Jakoś mu się nie przypomniało, że robił to razem ze mną…
- Nie chce tego
słyszeć od osoby, której nawet sama dusza, cała jej egzystencja jest zepsuta.
Pochylił się, żeby napić się tej krystalicznie czystej wody,
a ja nie wytrzymałem i go porządnie kopnąłem w tyłek, tak, że sam skończył w
strumieniu lodowatej wody.
Kuro wynurzył się z wody.
- To było okrutne
Akki – stwierdził bez wyrazu. – Zraniłeś moje uczucia, wiesz?
Wstał i wyszedł ze strumienia, a wtedy do mnie podszedł i
złapał mnie nagle w jakiś chwyt, a następnie przerzucił do strumienia.

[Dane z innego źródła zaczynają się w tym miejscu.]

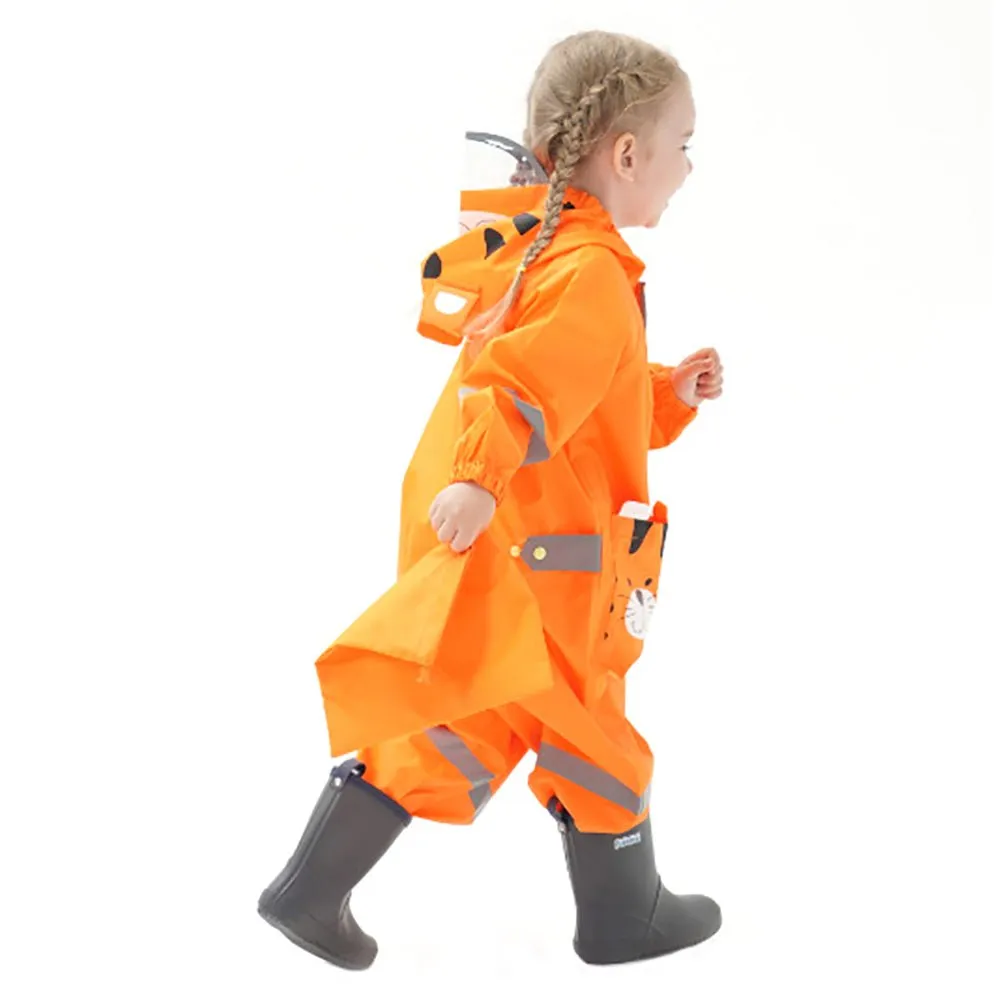 Bright Orange Roaring Tiger Theme All Over Jumpsuit / Playsuit Raincoat for Kids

Woda naprawdę była lodowata.
W dodatku to nie był koniec.
Kuro podszedł ze mną, wciąż mając tą swoją minę, która nie
pokazuje żadnych uczuć.
Złapał mnie za kołnierz i zaczął próbować mnie utopić.
- Chcesz… mne… Zaić?
– Wydusiłem łapiąc powietrze, gdy wreszcie udało mi się wyciągnąć głowę na
powierzchnię.
- Nie rozumiem co
mówisz, mów wyraźniej. – odparł i wepchnął mnie z powrotem do wody. – Chcesz
jeszcze? Ja tylko się odwdzięczam.
Szarpaliśmy się jeszcze przez parę minut, aż w końcu udało
mi się go tak kopnąć, że zyskałem czas, żeby się podnieść.
- Próbowałeś mnie
zabić?! – Stwierdziłem oczywisty fakt.
- Nie.
- Jestem pewien, że
próbowałeś mnie zabić!
- To był tylko taki
żart – machnął ręką.
On stanowczo był bardziej zepsuty niż do szpiku kości… Jakim
cudem on wyrósł na coś takiego? Czy ja mam, aż taki zły wpływ na ludzi? A nie… On był taki od pierwszego spotkania i jakoś nie udało mi się go przekonać, że nie musi mordować i upokarzać innych.